Stewart et Weidema (2006) ont proposé un cadre pour l’évaluation des impacts liés à l’utilisation des ressources en ACV qui est cohérent avec la troisième catégorie décrite plus haut. Ils proposent trois types d’usage de la ressource : un usage où la ressource (d) est remise à l’environnement dans le même état ou meilleur que celui dans lequel elle a été prise, un usage où la ressource (c) est dégradée et n’est pas directement utilisable et un usage ou celle-ci (b) est rendue indisponible par son utilisation ou son élimination. D’un point de vue d’évaluation des impacts, il est alors intéressant d’agréger les impacts de transformation de la ressource prélevée (a), qu’elle soit transformée en b, c ou d.

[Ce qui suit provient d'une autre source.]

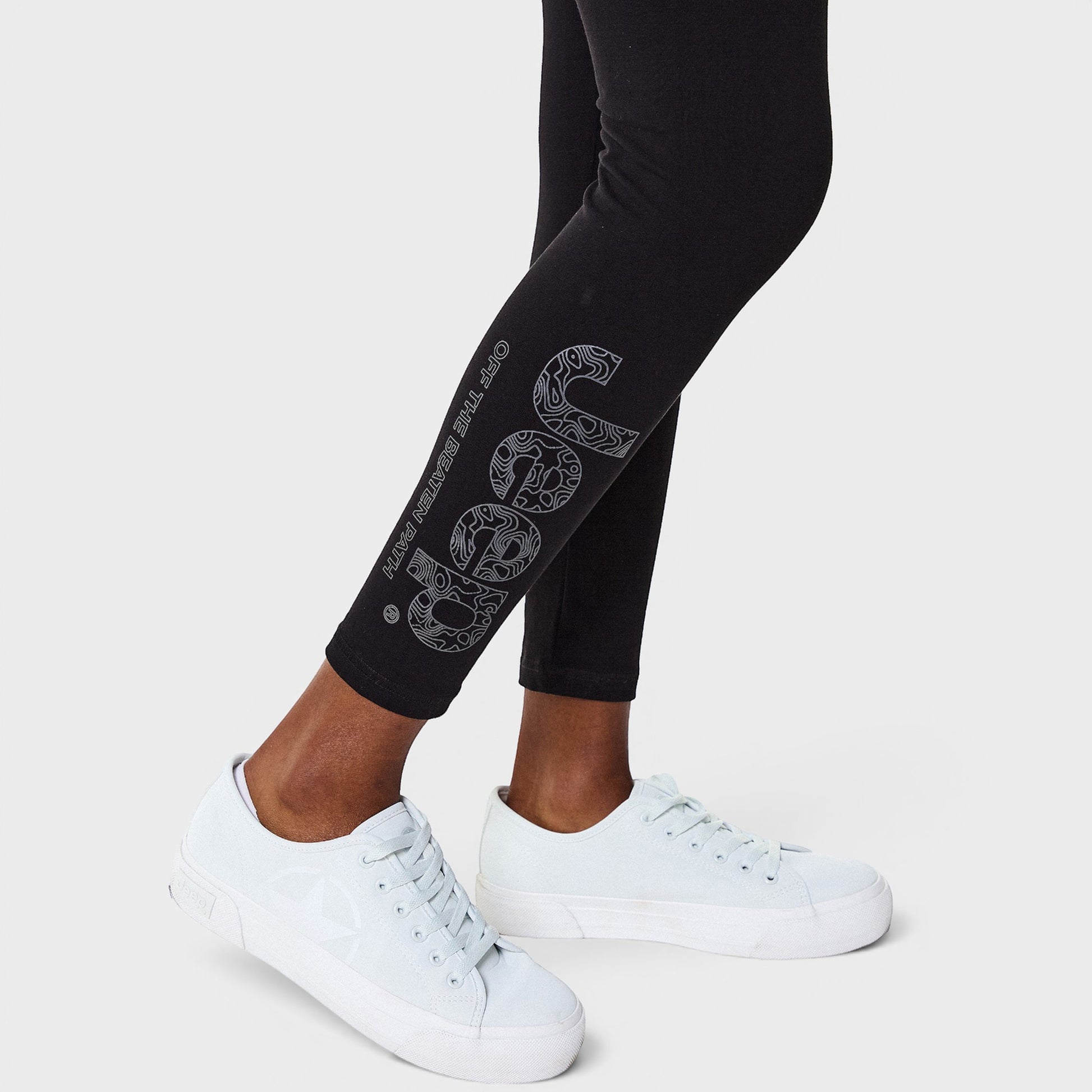 Core Leggings (5)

Cependant, la ressource eau est différente des autres ressources de par le fait qu’elle est en grande partie renouvelable et essentielle tant aux humains qu’aux écosystèmes. Ainsi, son utilisation mène à une privation, souvent temporaire, de ses usagers, entraînant des impacts dans les catégories d’impacts santé humaine et écosystèmes. Cette ressource doit donc être traitée de façon particulière, tel que spécifié par le ILCD Handbook (European Commision Joint Research Center 2010) et seule la partie non-renouvelable de la ressource cadre bien avec la catégorie d’impacts « ressources ».

1.3.2 « Backup Technology »

Selon Stewart et Weidema (2006), une technologie utilisée pour transformer une ressource dégradée ou inutilisable en ressource utilisable est une backup technology. Différentes qualités de ressources peuvent être associées à différentes backup technologies, et être employées à différent moments. Pour l’eau, la backup technology est donc celle qui sera utilisée pour transformer une ressource qui a été consommée ou dégradée vers sa qualité originale lorsque celle-ci n’est plus disponible. Un débat entre Stewart et Weidema et Finneveden (Finnveden 2005) a ensuite émergé concernant la pertinence de traiter les impacts additionnels futurs de l’extraction de la ressource, soit de la backup technology, en tant qu’impacts ou comme faisant partie de l’inventaire. Un article commun (Weidema et al. 2005) a ensuite statué sur le fait que seuls les impacts qui ne sont pas prévus d’être compensés (remédiés par une backup

technology) devraient être inclus dans l’évaluation des impacts.